Só mesmo com um apagão para interagir com as pessoas!

Estava tomando banho quando a energia acabou. Foram três piques breves, seguidos de um completo apagão. Por sorte eu já tinha enxaguado o resto do xampu e só me restava agora enxugar e sair do banheiro. Nessas horas a gente percebe o quanto o hábito nos torna aptos de caminhar por um local ao qual estamos familiarizados, porém também nos faz vislumbrar o quão difícil seria a vida de uma pessoa que sofre de cegueira.

Minha primeira ação após me vestir foi alcançar meu celular e sondar nos grupos de WhatsApp quais os bairros haviam sido atingidos e o motivo daquilo ter acontecido. Percebi que tinha pouca bateria e resolvi pegar o meu Kindle (um daqueles tablets retroiluminados para leituras de livros) e utilizá-lo como lanterna. Meus familiares trataram de alcançar as velas que estavam guardadas em lugares praticamente esquecidos.

Há quanto tempo eu não presenciava um apagão e sequer me dava conta da dependência da energia elétrica que nos encontramos para “sobreviver” ou “existir”. A única atividade que consegui pensar em fazer que não demanda de eletricidade, era tocar violão, mas não me parecia ser a melhor coisa naquele momento. Observar o céu seria uma das opções, porém ele estava tão nublado que não pude ver uma estrela sequer.

Pelo WhatsApp, um leitor do site sugeriu que eu escrevesse uma crônica sobre a interação humana promovida pelo apagão. Adorei a ideia, todavia a primeira coisa que me veio a cabeça foi a de abrir um editor de texto para começar a escrever! Reparei que meus velhos calos talhados por lápis ou caneta simplesmente sumiram. Infelizmente confesso que não tive coragem de escrever este texto em papel e só o faço agora no conforto do meu notebook.

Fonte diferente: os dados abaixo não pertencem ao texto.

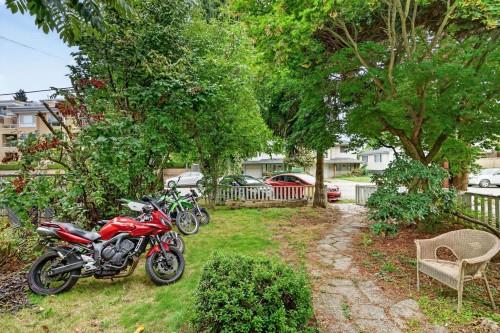 2357 Hawthorne Avenue, Port Coquitlam, BC 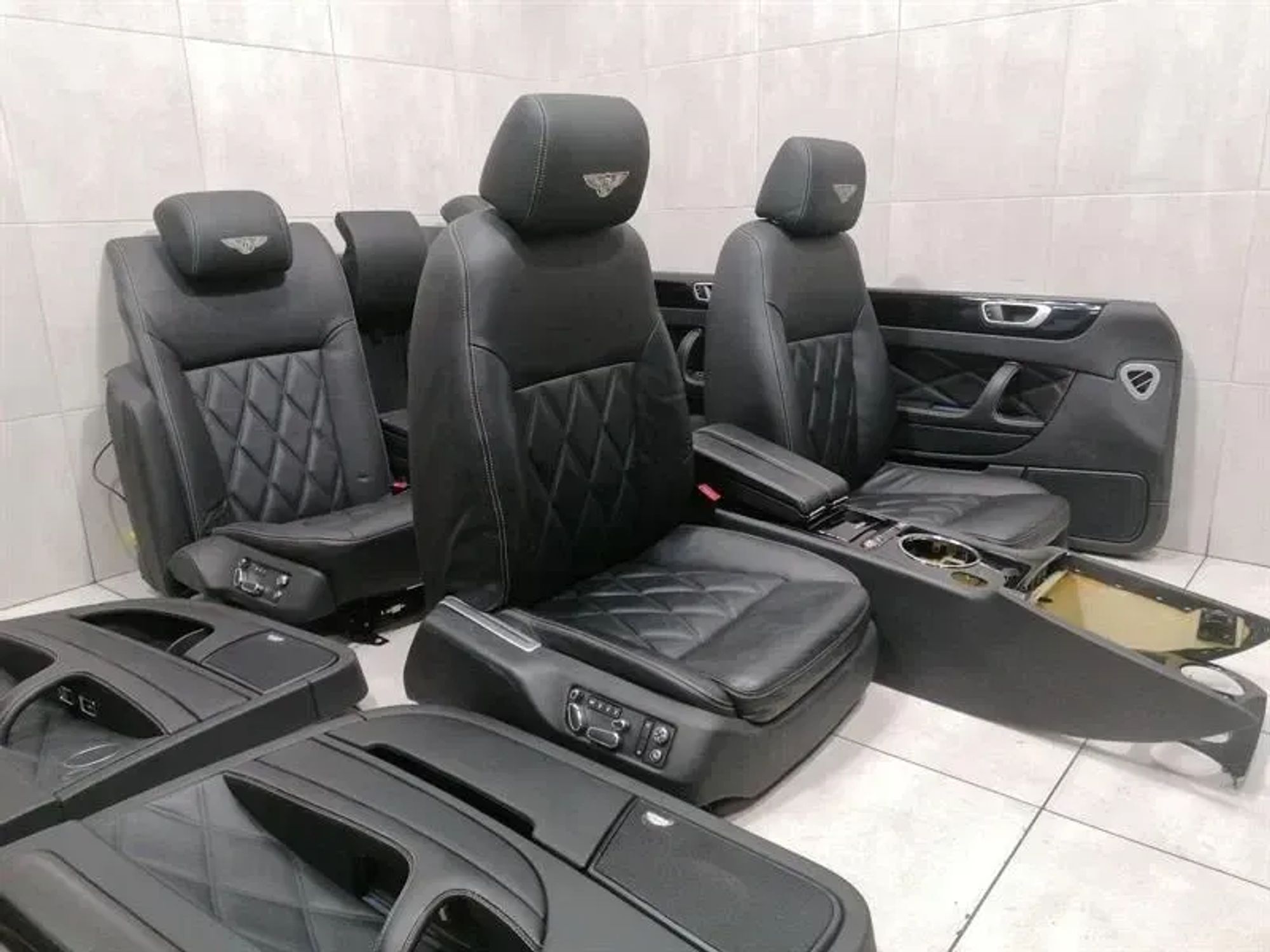 Салон в сборе BENTLEY CONTINENTAL FLYING SPUR, 1190000 рублей, Москва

Uma das coisas que ficou em evidência para todos foi a carência de compartilhar aquela experiência de escuridão com alguém. Até dava para fazer isto utilizando o 4G do celular, porém eu tinha a sensação de que se a bateria acabasse, a coisa poderia ficar preta… literalmente. Os vizinhos que nunca se falaram, resolveram sair de suas tocas e indagarem qual teria sido o motivo daquele apagão, ou apenas trocar velas ou emprestar carregadores portáteis de smartphones.

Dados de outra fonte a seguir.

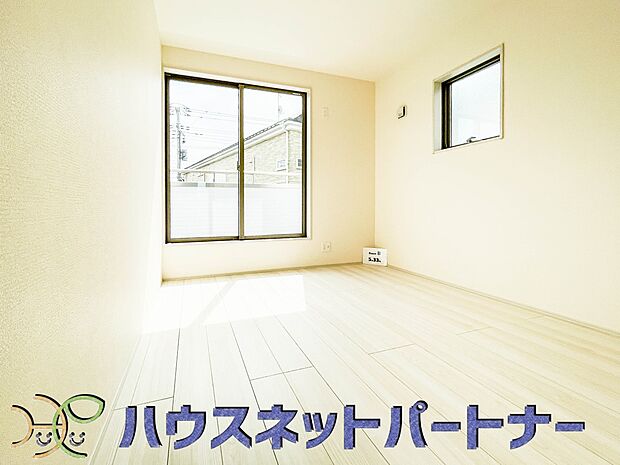 陽光が降り注ぐ明るく開放的な空間が魅力的。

A experiência me fez lembrar da minha infância nos anos 90 em que esta situação era muito mais frequente. Minha sobrinha de oito anos estava muito empolgada pois havia sido a primeira vez em que ela se deparava com um apagão. Justo ela, uma assídua utilizadora de tablet, teve a sorte, mesmo que por pouco tempo, de desfrutar de um pavio de vela sendo consumido pela tímida chama alaranjada. Se a situação perdurasse, ela veria os alimentos da geladeira descongelando e até teria que tomar um desconfortável e nostálgico banho de caneca!

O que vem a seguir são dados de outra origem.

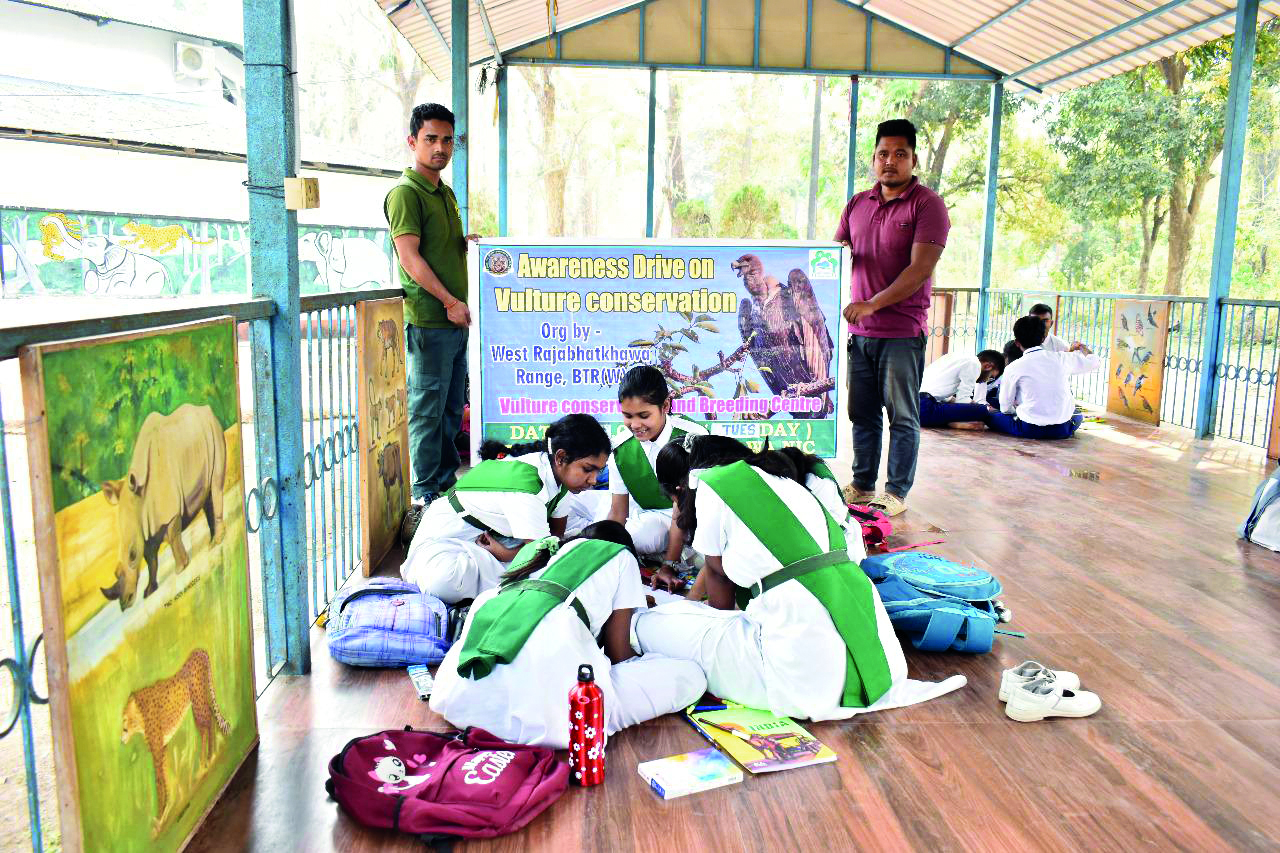 Buxa Tiger Reserve empowers students as ‘vulture conservationists’ Buxa Tiger Reserve empowers students as ‘vulture conservationists’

A felicidade não durou nem meia hora. A energia voltou e aquele “choque” de realidade fez com que todo o burburinho provocado pela ausência da luz fosse rapidamente esquecida… Menos de dez minutos depois, a energia caiu e voltou de novo. Caiu e voltou... Caiu e voltou, mas depois não caiu mais. Juro que meu subconsciente torceu para que a coisa toda permanecesse no escuro, porém não levou muito tempo para que eu esquecesse de tudo e retornasse pra minha vidinha digital e eletrificada.

A gente até se esforça, mas a eletricidade - seguida da tecnologia que ela alimenta - criou uma lacuna muito grande em se tratando de diálogo, mutualismo e presença. As pessoas saíram para as ruas, mas no primeiro vestígio de que a luz iria voltar, retornaram para dentro e se confortaram com algum eletrodoméstico. É como se fosse um vício! Fico imaginando como serão as coisas quando todas as pessoas do planeta já tiverem nascido numa geração em que desde bebê se acessa a internet e que o conceito de interatividade “padrão” tenha se perdido...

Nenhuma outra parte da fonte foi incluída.